Joachim Draeger wrote:
I can't see the advantage in accepting only passing tests.
The advantage is that each developer running tests and having a failing
test will know that he have to search for the problem in its local copy
and can skip the manual check of each "know failing test list".
What will happen when we'll have 423 failing tests and 613 passing? You
break something and they will be 424 failing and 612 passing: how do you
know what is the new failing one?? HOw do you rerun the only failing test?
I consider this as a limitations of our tools/workflow. Maybe there is
no practical solution.
I agree. But I work on james in a concrete way and not theoretically, so
I am +1 for everything that increase my productivity, -1 for everything
that decrease the productivity.
I don't care of a religious wars about how TDD works, how unit testing
works, and why the foo IDE is better than the bar tool.
I explained why I consider having all passing tests a *must*.
If the majority of committers prefer what you propose I will have to
change my way: if this change decrease my productivity but increase the
productivity of other committers I will of course accept it.
That does not necessarily mean every failing tests is a subject to
immediate fix. For example, this is not possible in
test-driven-development which is based on failing tests.
Would you accept failing tests used for TDD in James?
No, unless we start using TDD for james.
And if we decide to do this maybe we should define a different way:
separate test to be "solved" from the to be implemented one.
Right. That's a possibility to solve the "tool/workflow" issue. Maybe a
different TestSuite, a different test source folder or by naming of the
testclass. Ant would e.g. allow to ignore test classes that begin with
Future*.class or TDD*.class.
Well I don't want to start the TDD revolution right now. Another
possibility that came to my mind is committing TDD tests into sandbox.
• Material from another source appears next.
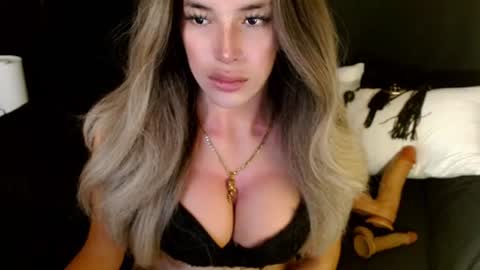 Snapshot of sizzling_cassie130 chatting on June 25, 2:22 am Cassie online show from June 25, 2:22 am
They could be easily checked out and run from an IDE. (Eclipse:
"Required projects on the build path")
Joachim
Who is going to use TDD? How?
TDD has thousands of variations and any group using TDD has its own
pratices.
Let's talk about concrete things: are you going to use TDD? How do you
plan to work on it?
Once we have a list of committer working in a TDD way (or committer that
likes to have failing tests) we can decide how to coordinate our efforts
in order to optimize the work for everyone.